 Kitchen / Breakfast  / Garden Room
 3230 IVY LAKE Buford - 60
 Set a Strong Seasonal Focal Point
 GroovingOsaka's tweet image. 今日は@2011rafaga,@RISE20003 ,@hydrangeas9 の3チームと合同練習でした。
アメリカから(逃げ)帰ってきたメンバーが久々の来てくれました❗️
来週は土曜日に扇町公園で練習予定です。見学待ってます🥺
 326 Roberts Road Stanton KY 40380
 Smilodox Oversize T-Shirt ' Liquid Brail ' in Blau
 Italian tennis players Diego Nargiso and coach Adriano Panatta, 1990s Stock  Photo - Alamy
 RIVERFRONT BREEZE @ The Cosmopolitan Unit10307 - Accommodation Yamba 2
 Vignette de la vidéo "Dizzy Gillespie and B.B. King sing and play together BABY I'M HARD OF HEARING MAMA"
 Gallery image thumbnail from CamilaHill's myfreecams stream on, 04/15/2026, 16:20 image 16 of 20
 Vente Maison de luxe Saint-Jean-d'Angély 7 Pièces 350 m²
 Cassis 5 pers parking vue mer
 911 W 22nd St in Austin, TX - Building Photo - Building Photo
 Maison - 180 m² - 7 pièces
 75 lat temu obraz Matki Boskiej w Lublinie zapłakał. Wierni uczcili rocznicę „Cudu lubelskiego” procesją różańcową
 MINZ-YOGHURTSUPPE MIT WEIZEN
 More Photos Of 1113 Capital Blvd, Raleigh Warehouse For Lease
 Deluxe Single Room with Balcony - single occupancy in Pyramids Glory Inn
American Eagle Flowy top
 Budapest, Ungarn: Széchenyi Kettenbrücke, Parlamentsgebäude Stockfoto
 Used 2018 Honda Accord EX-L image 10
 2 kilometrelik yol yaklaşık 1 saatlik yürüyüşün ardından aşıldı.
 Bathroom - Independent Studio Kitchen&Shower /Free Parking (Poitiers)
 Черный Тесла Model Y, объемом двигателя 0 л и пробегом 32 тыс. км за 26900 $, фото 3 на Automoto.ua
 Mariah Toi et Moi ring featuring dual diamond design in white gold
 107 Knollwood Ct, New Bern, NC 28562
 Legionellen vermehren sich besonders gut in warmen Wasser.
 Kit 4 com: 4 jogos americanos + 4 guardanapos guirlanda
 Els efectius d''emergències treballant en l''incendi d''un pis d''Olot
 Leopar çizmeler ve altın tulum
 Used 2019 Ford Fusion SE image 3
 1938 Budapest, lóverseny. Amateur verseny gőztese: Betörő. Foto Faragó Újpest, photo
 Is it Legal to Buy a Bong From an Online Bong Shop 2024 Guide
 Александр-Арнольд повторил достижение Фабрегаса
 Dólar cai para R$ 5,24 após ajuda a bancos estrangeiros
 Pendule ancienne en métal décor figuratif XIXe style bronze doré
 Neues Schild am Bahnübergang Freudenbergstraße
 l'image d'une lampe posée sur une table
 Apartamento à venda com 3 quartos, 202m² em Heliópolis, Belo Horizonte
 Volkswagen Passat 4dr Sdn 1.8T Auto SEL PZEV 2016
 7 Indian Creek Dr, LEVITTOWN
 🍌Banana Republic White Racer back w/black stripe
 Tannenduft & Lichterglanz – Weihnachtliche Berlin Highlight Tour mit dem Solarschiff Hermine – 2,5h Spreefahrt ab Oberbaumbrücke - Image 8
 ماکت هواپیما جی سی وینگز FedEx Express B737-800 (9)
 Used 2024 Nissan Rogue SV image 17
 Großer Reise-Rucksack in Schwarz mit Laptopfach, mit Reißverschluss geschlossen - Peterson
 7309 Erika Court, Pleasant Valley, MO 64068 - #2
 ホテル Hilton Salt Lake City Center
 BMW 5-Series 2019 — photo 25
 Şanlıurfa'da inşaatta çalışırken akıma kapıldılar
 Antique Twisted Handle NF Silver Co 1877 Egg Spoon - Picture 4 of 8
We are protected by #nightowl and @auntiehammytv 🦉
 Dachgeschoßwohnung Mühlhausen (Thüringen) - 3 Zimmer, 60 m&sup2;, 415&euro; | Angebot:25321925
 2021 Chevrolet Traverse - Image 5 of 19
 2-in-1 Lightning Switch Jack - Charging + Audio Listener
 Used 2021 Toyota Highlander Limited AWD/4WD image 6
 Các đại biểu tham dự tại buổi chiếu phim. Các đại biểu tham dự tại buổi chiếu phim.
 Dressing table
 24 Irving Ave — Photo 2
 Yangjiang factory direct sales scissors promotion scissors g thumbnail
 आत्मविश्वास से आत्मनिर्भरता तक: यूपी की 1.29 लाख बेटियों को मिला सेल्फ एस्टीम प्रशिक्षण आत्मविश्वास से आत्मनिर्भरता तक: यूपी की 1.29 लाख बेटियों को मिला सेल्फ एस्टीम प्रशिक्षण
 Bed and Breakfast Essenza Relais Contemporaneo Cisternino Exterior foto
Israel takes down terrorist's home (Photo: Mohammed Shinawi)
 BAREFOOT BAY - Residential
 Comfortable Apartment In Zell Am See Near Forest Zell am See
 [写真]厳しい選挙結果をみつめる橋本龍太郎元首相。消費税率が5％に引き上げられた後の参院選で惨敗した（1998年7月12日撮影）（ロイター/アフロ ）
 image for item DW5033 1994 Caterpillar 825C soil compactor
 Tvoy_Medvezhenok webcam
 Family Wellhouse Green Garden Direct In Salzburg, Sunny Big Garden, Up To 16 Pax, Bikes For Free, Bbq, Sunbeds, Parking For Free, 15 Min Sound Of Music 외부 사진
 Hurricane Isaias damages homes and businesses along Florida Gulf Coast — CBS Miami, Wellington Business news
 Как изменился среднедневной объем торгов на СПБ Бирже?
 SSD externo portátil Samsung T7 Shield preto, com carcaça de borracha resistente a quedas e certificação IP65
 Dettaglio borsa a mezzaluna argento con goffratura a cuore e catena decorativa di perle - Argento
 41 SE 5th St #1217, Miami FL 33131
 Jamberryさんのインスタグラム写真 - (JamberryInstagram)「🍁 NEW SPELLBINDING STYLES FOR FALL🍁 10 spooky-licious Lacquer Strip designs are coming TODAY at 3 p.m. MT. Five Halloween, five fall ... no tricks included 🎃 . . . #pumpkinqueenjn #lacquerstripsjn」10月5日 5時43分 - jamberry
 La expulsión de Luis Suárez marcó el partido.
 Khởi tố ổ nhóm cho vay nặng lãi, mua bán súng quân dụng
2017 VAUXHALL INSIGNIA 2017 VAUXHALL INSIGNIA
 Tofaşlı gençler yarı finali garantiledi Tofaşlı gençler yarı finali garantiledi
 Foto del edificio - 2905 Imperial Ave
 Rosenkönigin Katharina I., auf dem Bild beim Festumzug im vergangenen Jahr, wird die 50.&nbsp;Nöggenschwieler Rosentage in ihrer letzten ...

## WHAT YOU SHOULD DO:
Word for word, please return the lines from the one containing "Family Wellhouse Green" through the end of the listing, both ends included, and nothing else.

## RESULT OF THIS TASK:
 Family Wellhouse Green Garden Direct In Salzburg, Sunny Big Garden, Up To 16 Pax, Bikes For Free, Bbq, Sunbeds, Parking For Free, 15 Min Sound Of Music 외부 사진
 Hurricane Isaias damages homes and businesses along Florida Gulf Coast — CBS Miami, Wellington Business news
 Как изменился среднедневной объем торгов на СПБ Бирже?
 SSD externo portátil Samsung T7 Shield preto, com carcaça de borracha resistente a quedas e certificação IP65
 Dettaglio borsa a mezzaluna argento con goffratura a cuore e catena decorativa di perle - Argento
 41 SE 5th St #1217, Miami FL 33131
 Jamberryさんのインスタグラム写真 - (JamberryInstagram)「🍁 NEW SPELLBINDING STYLES FOR FALL🍁 10 spooky-licious Lacquer Strip designs are coming TODAY at 3 p.m. MT. Five Halloween, five fall ... no tricks included 🎃 . . . #pumpkinqueenjn #lacquerstripsjn」10月5日 5時43分 - jamberry
 La expulsión de Luis Suárez marcó el partido.
 Khởi tố ổ nhóm cho vay nặng lãi, mua bán súng quân dụng
2017 VAUXHALL INSIGNIA 2017 VAUXHALL INSIGNIA
 Tofaşlı gençler yarı finali garantiledi Tofaşlı gençler yarı finali garantiledi
 Foto del edificio - 2905 Imperial Ave
 Rosenkönigin Katharina I., auf dem Bild beim Festumzug im vergangenen Jahr, wird die 50.&nbsp;Nöggenschwieler Rosentage in ihrer letzten ...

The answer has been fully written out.